Treat websites as programmable Python objects with specialized social intelligence.
Project description
WebC – Treat Websites as Python Objects
Version: 0.2.1 Author: Ashwin Prasanth and Sachin Prasanth
🚀 Update v0.2.1
- Improved accessibility
- Intelligent Data Refiner: Updated StructuredView and TaskView to automatically filter out UI noise, navigation links, and "ghost" headers for a cleaner data output.
- WebSoc Normalization: Enhanced the social intelligence layer to repair text encoding and strip promotional noise, ensuring social previews are clean and human-readable.
- Unified Metadata Support: Improved cross-platform reliability for metadata extraction, ensuring consistent previews regardless of the site's structure.
Overview
webc is a Python library that allows you to treat websites as programmable Python objects.
Instead of manually handling HTTP requests, parsing HTML, and writing repetitive scraping logic, WebC provides a structured, object-oriented interface to access semantic content, query elements, and perform intent-driven tasks.
The goal is simple:
- Make web data feel native to Python
- Provide meaningful abstractions over raw HTML
- Encourage ethical and secure usage by default
🚀 Release – v0.2.0 (The Unlocked Release)
WebC v0.2.0 onwards marks a major architectural milestone.
Global Access
- Wikipedia-only restriction removed
- Supports any HTTPS domain
- Domain-agnostic resource abstraction
TaskView 2.0
summarize(max_chars=500, refine=True)- Adjustable summary length
- Optional refinement to remove citation noise and formatting artifacts
- Intelligent fallback behavior when structured content is limited
Foundation for WebSoc (Beta)
Disclaimer ⚠️: WebSoc is currently in beta. Use only for research, educational, or personal automation purposes.
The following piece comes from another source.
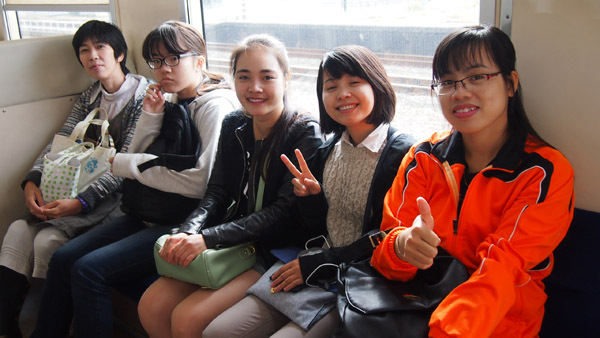 Whats Hamamatsu? みかん狩りが楽しすぎる！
Do not use for mass scraping, commercial exploitation or violating platform Terms of Service. Users are responsible for complying with website Terms of Service.
- Core engine now supports expansion into social platforms
- Designed to extract structured metadata from complex layouts
- Introduction of the first WebSoc module in beta testing
Websoc is a beta version: ⚠️ Metadata may still contain noise in this beta release.
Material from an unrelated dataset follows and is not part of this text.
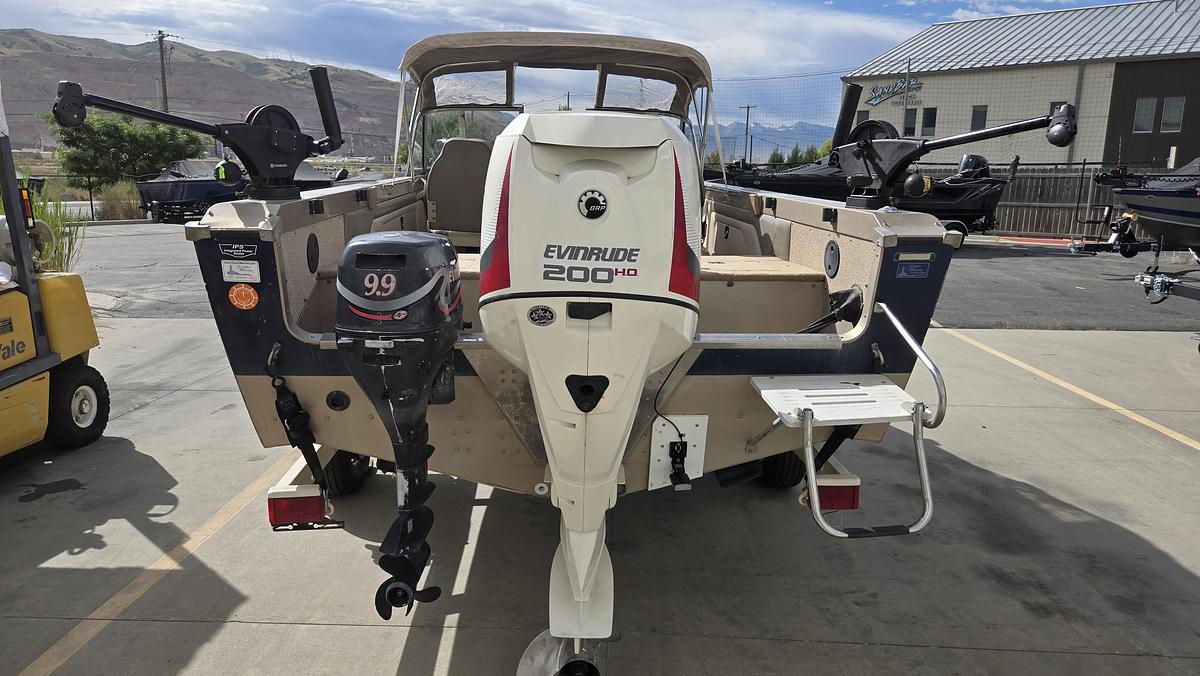 Used 1999 Lund 1950 Tyee Magnum Grand Sport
- Current beta provides structured previews, engagement metrics, and object-based access.
- Future versions will include refined outputs, noise filtering, and expanded platform coverage.
Websoc usecase
from webc.websoc import social
# Initialize a WebSoc object for a public video URL.
# This securely fetches and parses the page.
# Note: WebSoc is currently in BETA; metadata may contain noise.
url = "https://www.youtube.com/watch?v=VIDEO_ID" # Beta example: YouTube video URL for testing
video = social[url]
# --- Basic Identity ---
# Returns a lightweight preview dictionary (e.g., cleaned title).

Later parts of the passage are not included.